More focus should go into studying transmission pathways, Hanage said. “Any competent epidemiologist will tell you the best way to stop someone getting sick is to ensure they never get the bug in the first place,” he wrote. “And when it comes to resistance, we’ve been documenting increases without sufficient attention for how people pick up the bacteria ...”
But Hanage also noted that the Nevada case is rare. As of January, the CDC had received reports of at least 286 patients with CRE. In many instances, the bacteria are susceptible to at least some antibiotics. What made the Nevada case stand out was that the patient’s bacteria culture resisted all FDA-approved antimicrobial drugs.
“It is very uncommon for us to see isolates with this much resistance,” Kallen said.

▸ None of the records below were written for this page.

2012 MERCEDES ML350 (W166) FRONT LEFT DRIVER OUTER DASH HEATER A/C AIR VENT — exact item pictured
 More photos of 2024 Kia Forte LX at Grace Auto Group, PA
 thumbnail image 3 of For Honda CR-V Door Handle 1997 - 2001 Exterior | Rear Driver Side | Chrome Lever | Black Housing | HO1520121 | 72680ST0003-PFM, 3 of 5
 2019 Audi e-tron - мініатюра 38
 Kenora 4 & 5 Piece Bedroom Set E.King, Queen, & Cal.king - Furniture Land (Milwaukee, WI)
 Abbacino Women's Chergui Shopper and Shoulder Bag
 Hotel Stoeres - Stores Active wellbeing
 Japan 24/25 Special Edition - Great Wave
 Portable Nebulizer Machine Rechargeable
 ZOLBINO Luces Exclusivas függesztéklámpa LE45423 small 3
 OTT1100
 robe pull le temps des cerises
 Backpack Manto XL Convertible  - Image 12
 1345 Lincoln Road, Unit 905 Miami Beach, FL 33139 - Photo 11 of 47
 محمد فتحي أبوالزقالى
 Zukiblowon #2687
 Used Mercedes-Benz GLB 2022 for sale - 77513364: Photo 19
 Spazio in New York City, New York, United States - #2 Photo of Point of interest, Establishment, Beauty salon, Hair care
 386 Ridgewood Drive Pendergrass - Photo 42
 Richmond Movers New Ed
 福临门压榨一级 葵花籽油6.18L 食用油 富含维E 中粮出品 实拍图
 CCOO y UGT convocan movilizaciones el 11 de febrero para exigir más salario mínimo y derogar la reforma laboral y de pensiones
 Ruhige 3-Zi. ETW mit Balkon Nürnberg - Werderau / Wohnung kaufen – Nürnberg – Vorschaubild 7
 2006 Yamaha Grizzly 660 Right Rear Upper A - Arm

The variation in resistance is controlled in part by the unique genetics of each bacteria culture, Hanage’s study found. In some cases, genes code for enzymes that thwart antibiotics. In other cases, mutated genes alter the cell’s physical structure, which can create a challenge for antibiotics attempting to infiltrate the bacteria.
Johnson, who also directs the molecular epidemiology unit at the Minneapolis VA Health Care Center, said bacteria develop resistance by picking up mutations in their genetic codes that favor their survival against antibiotics. The resistant bacteria often spread from there through human activities — travel, trade and food preparation.
In the U.S., there is little transmission taking place outside of health care settings, Kallen said. But he emphasized the importance of containment, highlighting the steps Washoe County took in isolating the victim and testing other patients. He said basic hygiene, such as hand washing, and precautions like wearing gloves, can help. Other experts suggest protecting patients by reducing antibiotic prescription.
“(The Nevada case is) a good example (of what) could await us if we don’t take it seriously,” Kallen said.